KH: Actually I live in London, which is a wonderful city crammed with so much to see, theatre, concerts, exhibitions. But I also have a place near LA in California on the coast, with the pounding Pacific, the desert and the mountains and Mexico just an hour or so away, so I have a great combination. If you mean if I had to make a forever choice between living in a busy metropolis or a very simple and beautiful island? – I guess I would choose the island, as long as my computer worked!

  • BB: Computers are a given for us too! Where do you write? And what do you do when you're not writing (or composing)?
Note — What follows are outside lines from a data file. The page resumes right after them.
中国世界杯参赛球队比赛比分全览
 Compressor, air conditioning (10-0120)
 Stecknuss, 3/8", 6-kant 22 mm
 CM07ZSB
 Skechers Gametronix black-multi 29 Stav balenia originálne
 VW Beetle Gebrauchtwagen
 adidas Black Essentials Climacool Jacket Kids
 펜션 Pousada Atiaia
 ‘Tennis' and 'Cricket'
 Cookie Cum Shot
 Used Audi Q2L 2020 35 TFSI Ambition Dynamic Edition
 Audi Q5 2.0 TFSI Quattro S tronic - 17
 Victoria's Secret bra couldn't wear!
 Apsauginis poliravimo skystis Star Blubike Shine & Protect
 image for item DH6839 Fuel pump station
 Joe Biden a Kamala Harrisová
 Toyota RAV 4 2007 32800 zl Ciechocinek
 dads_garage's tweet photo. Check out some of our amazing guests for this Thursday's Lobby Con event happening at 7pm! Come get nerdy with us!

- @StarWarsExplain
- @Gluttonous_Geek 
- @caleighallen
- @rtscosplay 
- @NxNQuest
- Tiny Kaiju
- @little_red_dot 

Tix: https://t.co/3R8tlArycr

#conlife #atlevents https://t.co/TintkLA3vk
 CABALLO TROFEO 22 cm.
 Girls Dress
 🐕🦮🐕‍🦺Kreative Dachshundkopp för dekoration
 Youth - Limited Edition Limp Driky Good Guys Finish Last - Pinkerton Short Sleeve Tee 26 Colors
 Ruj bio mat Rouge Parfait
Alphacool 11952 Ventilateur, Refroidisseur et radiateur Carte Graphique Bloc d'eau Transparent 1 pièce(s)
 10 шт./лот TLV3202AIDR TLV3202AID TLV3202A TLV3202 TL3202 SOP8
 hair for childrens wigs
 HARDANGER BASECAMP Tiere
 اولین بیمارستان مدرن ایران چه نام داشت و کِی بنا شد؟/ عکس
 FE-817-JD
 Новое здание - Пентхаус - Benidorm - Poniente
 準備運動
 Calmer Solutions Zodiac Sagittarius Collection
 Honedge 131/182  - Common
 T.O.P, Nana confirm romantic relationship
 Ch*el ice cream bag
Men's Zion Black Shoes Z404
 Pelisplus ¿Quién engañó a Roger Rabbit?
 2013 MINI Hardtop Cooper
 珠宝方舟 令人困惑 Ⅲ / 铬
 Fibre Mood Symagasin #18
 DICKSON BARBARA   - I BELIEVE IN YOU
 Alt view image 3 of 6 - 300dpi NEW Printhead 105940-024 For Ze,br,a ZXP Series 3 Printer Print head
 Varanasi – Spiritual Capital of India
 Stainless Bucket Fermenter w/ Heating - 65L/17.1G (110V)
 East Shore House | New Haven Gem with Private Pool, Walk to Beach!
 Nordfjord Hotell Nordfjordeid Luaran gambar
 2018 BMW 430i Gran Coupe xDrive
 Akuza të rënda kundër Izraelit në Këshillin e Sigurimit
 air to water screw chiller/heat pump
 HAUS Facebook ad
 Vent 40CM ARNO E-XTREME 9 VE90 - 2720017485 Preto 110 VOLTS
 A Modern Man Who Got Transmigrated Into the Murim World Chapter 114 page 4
KH: I’d like to be a romantic sort of writer, jotting down ideas on the back of envelopes or in handy moleskine notebooks wherever my travels take me. But I’m not. I need to sit in front of my computer in my office and have a nice empty page of Microsoft Word smiling at me. I like to choose my font - usually Georgia 12pt - and get my tabs and margins working, and a nice heading… you’ll gather than I am postponing the moment that I actually have to write' anything! Some days I type really well (I am self-taught) and others I fling gobbledygook onto the page and my SpellCheck cries out in pain.

When I am not writing or composing I am usually directing or editing films. I had a movie camera when I was 13 and clamped a CinemaScope lens onto the front of it to film my first dramas. The result was a very dim but very wide picture on my bedroom wall, but I was hooked. When I am not doing any of the above, I love playing tennis (not very well), swimming and taking long hikes where I usually end up getting totally lost.

  • BB: What three books should every child read?

KH. Three books that will grab them by the scruff of the neck and get them hopelessly hooked on reading for life. Doesn’t matter what they are – in my case it was Captain WE Johns and the Biggles books, Enid Blyton, Lord of the Rings, Gormenghast, The Little Prince. But it could as well be Harry Potter or Stephenie Meyer and the Twilight vampires.

  • BB: Nice choices - particularly Gormenghast! What's next for Ken Howard?

KH. I have some more stories I’d like to tell, and some more songs and music I’d like to write, oh and a few movies upcoming and I’m going to go into space. I made the last bit up..but you never know.

  • BB: Speak to Richard Branson - he might be able to help you out with some space tourism sooner than you think! Thanks so much for talking to us, Ken. We hope to see you in the world of children's books again very soon.